To overcome the lack of paired training data between coarse simulations and real videos, we adopt a two-stage synthetic-real domain-hedging strategy that first learns a strong generative prior from large-scale real footage, then introduces controllability by using a small amount of paired synthetic coarse-fine data to anchor shared implicit spatio-temporal features across domains. The resulting system supports coarse-to-fine control, generalizes across diverse CG and game inputs, and produces temporally consistent, controllable, and realistic urban scene videos from minimal 3D input.
Our method generates photorealistic urban crowd videos from coarse 3D simulations across different scenes. For each of the scenes below, the top left video is the coarse driving input signal.
Our method is compatible with different coarsening levels of input signal.
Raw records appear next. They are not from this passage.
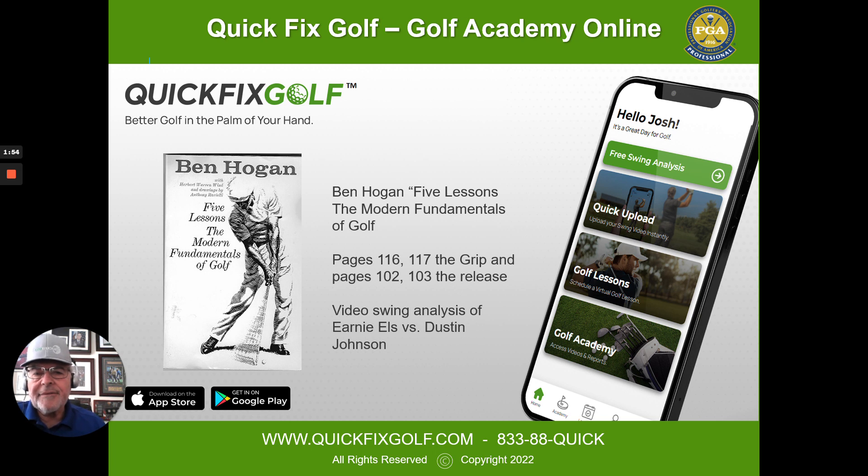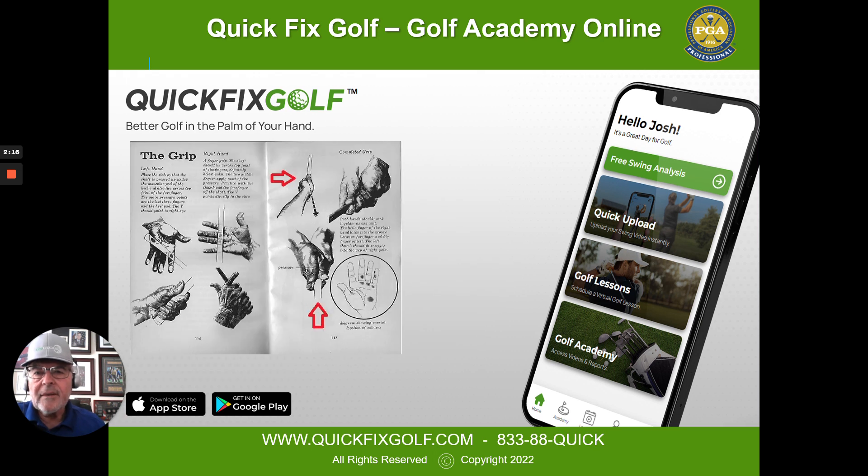If you go ahead and video your swing and upload it with our app, or attach it to an email at quickservice@quickfixgolf.com, the first thing I'll look at is how you go through the hitting area — not necessarily what your grip looks like. Then I want to see whether the grip matches the motion through the ball.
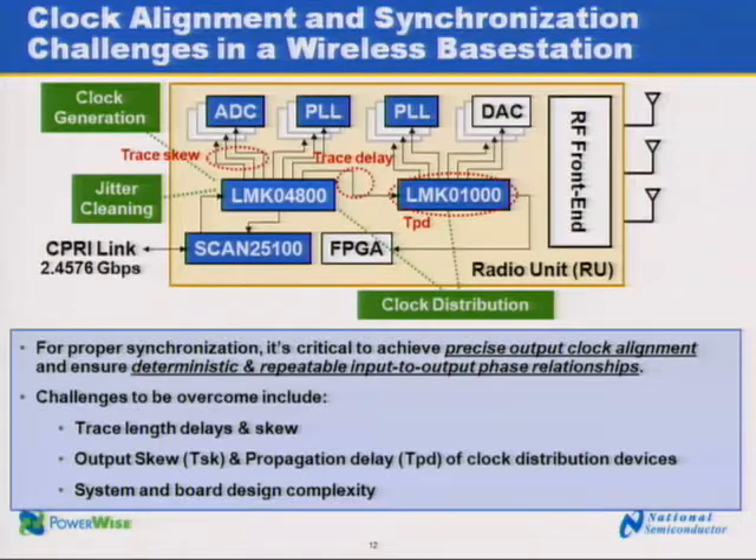The LMK 04800 is a highly configurable and high-performance clocking device for wireless infrastructure and other high-performance applications. One of the key applications is shown here in this system block diagram, where we have a wireless base station radio unit. The LMK 04800 provides multiple low-jitter clocks to various devices such as ADCs, PLLs, DACs, and other high-performance devices.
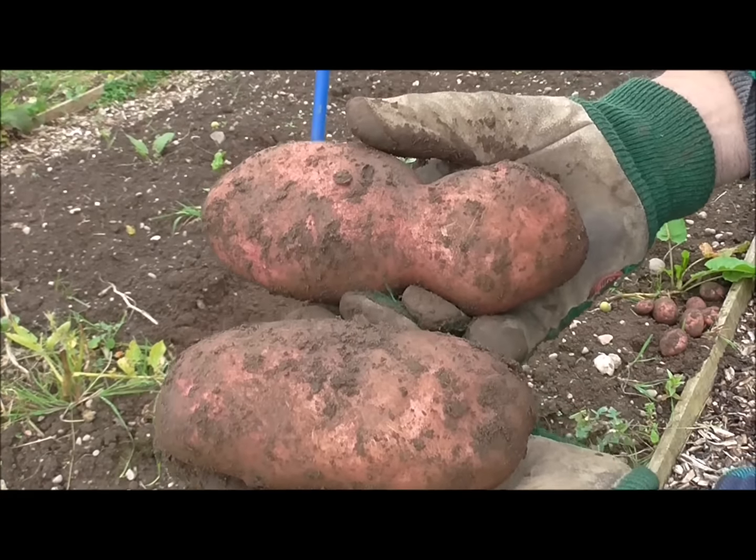Look at the size of those ones — pretty decent spuds. Can't go wrong with Sarp O'Meara.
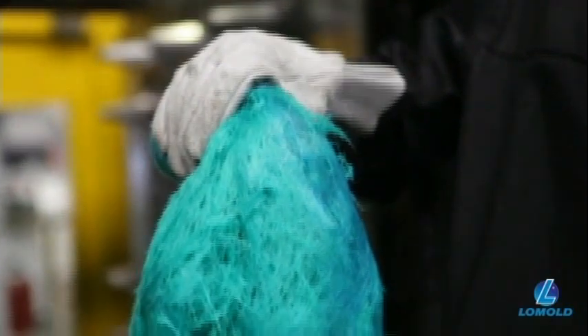Once injected into the mold, the long glass fibers form a matrix inside the polymer that works together to carry loads.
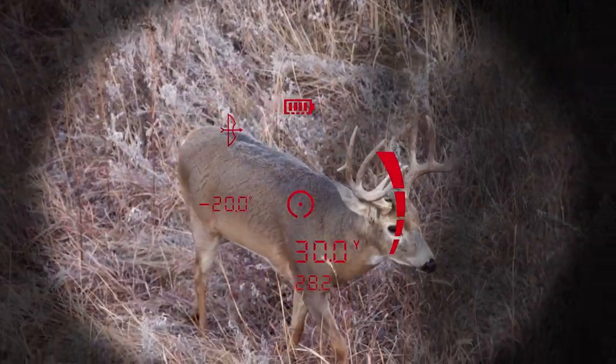Usually when you look through a rangefinder you see either black reticle or red, and both of those colors work great depending on your lighting conditions. But what this active sync display does is it automatically changes those colors from black to red when it starts getting darker and you have those different lighting conditions.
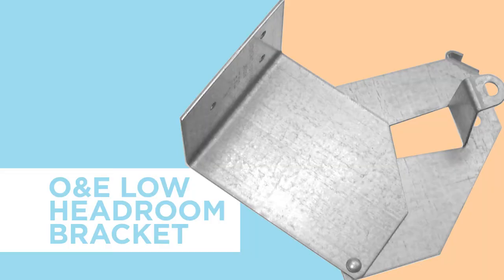Another option for the top fixture is the O&E Low Headroom Bracket. This bracket allows doors to operate with a minimum of 7 inches of headroom. As you can see, there are several ways to install a door or an opener in a garage that has minimal amounts of headroom.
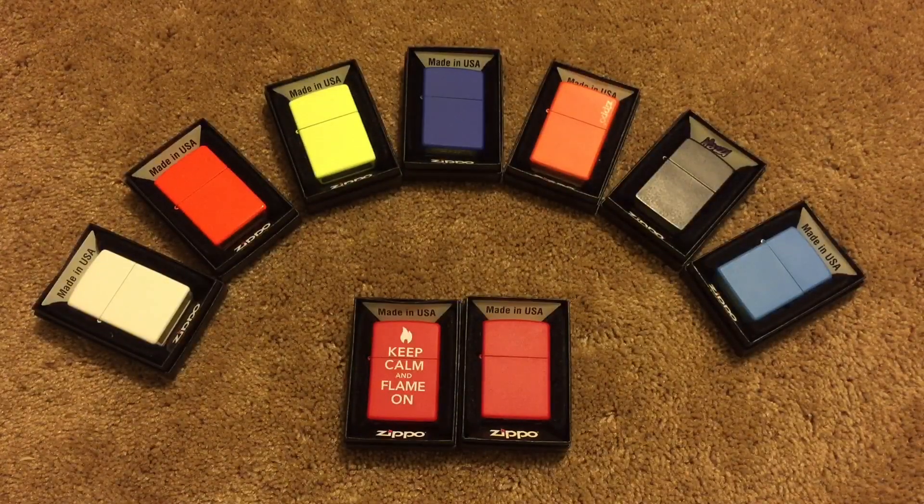What is up YouTube? This is Owen Dow here. Today I'm going to be discussing with you guys Matt Zippos, in case you can't tell.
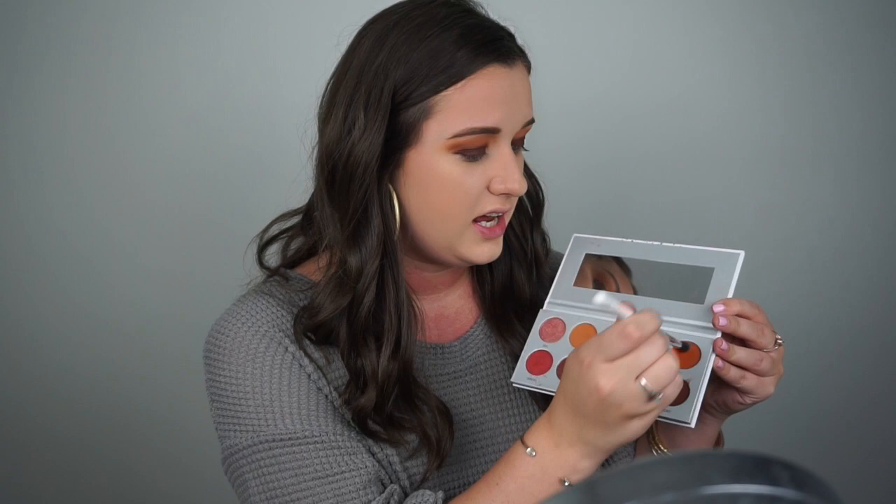I have that dark shade packed on the lid of my eye and I'm looking a little crazy right now, but it'll all come together soon, I promise. I'm going to take a smaller crease blending brush and pick up the shade Alert again, and blend where the dark shade and the transition shades meet so it has more of a smooth transition and is not looking so harsh on my eyes.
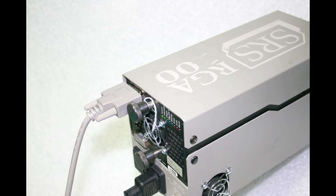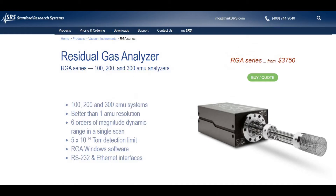I'm going to use an SRS100 RGA in the helium leak check mode along with some helium gas to locate the vacuum leak. Helium is used for leak checking because it's a noble gas and it also has a very small molecule.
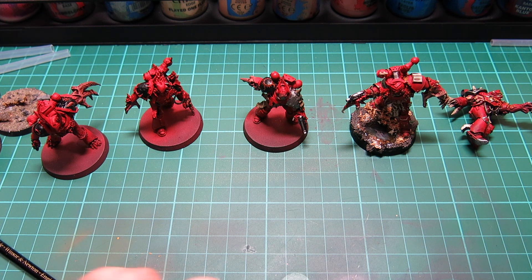Hi guys, welcome back. Sorry I haven't done a video for a little while — I've been working on some different projects apart from my main Astral Claws Army. I also picked up a few bits at the Warhammer 40k Open Day, the main one being, as you see in front of you, the Gal Vorbak.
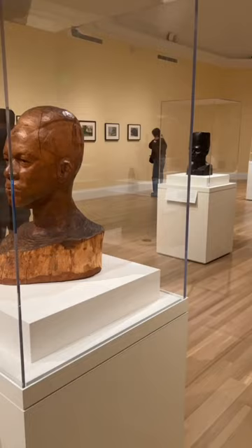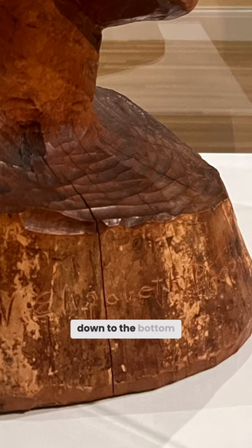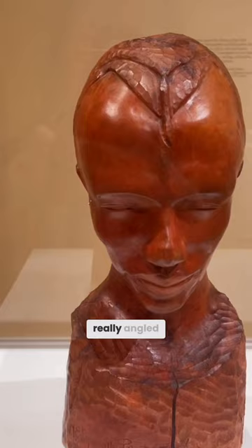Here's where you really see the evolution of the technique. The forehead — there are marks, but they're pretty smooth. But then you get down to the bottom and you really feel that physical force that it takes to make all of those gouges in the wood. This piece has a really angled face — you can see that the face is really an upside-down triangle.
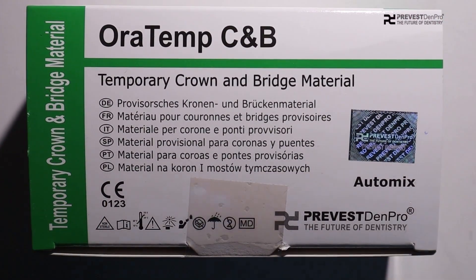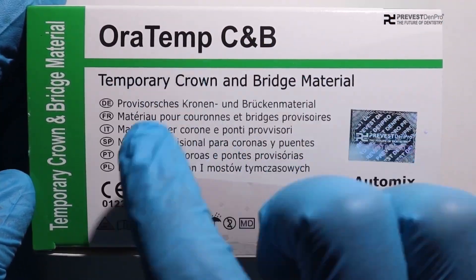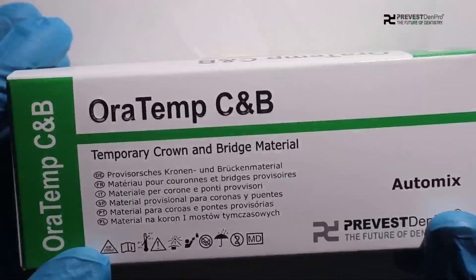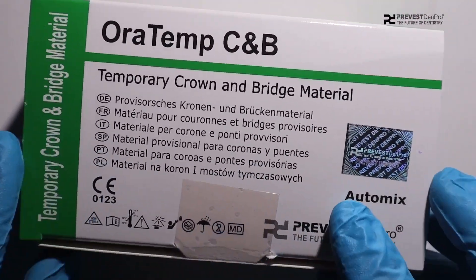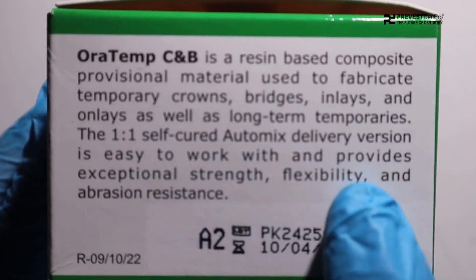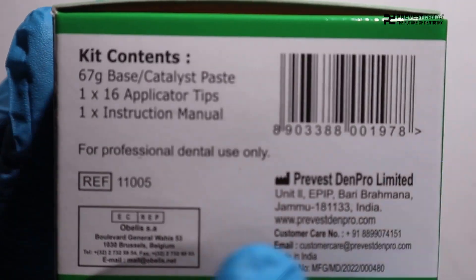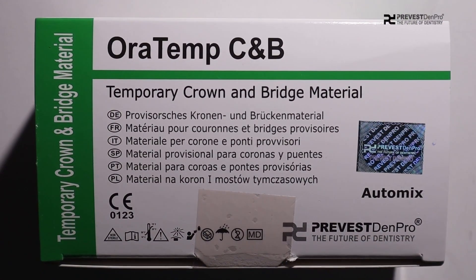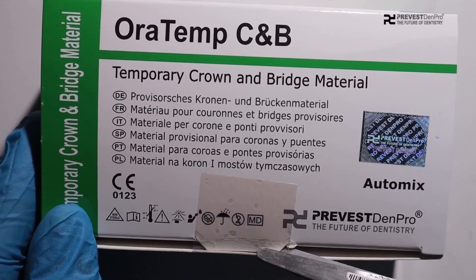Hi friends, today's video is about Oratemp C&B, a temporary crown and base material developed by Prevest Denpro. Oratemp C&B is basically a composite material used to fabricate temporary crowns, bridges, inlays, onlays, and veneers. This kit contains 67 grams of base and catalyst, 16 applicator tips, and an instructions manual.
On the left column we show results for very coarse signal, where our model inpaints many details. On the right we show a mid-coarse geometry as input that already includes some fine details. Our model successfully follows the richer input signal, generating a video with the corresponding geometry.
Our model can turn a low-poly game video into real-style even though it has never been trained on any game videos. It can add realism to the existing dynamics and appearance, add extra contents and solve collision issues in the original video.
We compare C2R against several video generation and control baselines under extremely coarse block-character conditioning. While competing methods rely on additional depth, tracking, or reference-frame inputs and often fail to preserve character identity, motion, or scene structure, C2R directly uses the control video and text prompt to achieve robust synthetic-to-real transfer. Our method consistently preserves the input layout, motion dynamics, and character consistency, demonstrating the effectiveness of the proposed synthetic-real domain-hedging strategy for controllable realistic video generation from minimal coarse inputs.
We also compare C2R against several recent baselines under the same prompt and control setup using humanoid coarse characters in the control input videos. Existing approaches typically rely on additional depth, tracking, or reference-image conditioning, yet often struggle to maintain accurate motion, camera trajectories, or structural consistency. In contrast, C2R directly uses the control video and text prompt without requiring reference images, achieving stronger controllability and more consistent synthetic-to-real transfer. While some baselines produce visually appealing outputs, they frequently fail to faithfully preserve the input motion and scene structure, highlighting the effectiveness of our domain-hedging strategy for controllable realistic video generation.
WAN2.1 (left column) and SORA (right column): show limited controllability over human motion and camera trajectories, and tend to generate similar viewing angles across populated urban scenes.
Seedance 2.0 extended qualitative evaluation: Under the same input conditions (coarse control video and text prompt), Seedance 2.0 exhibits limited ability to leverage the control signal, leading to weak alignment with the intended structure and semantics.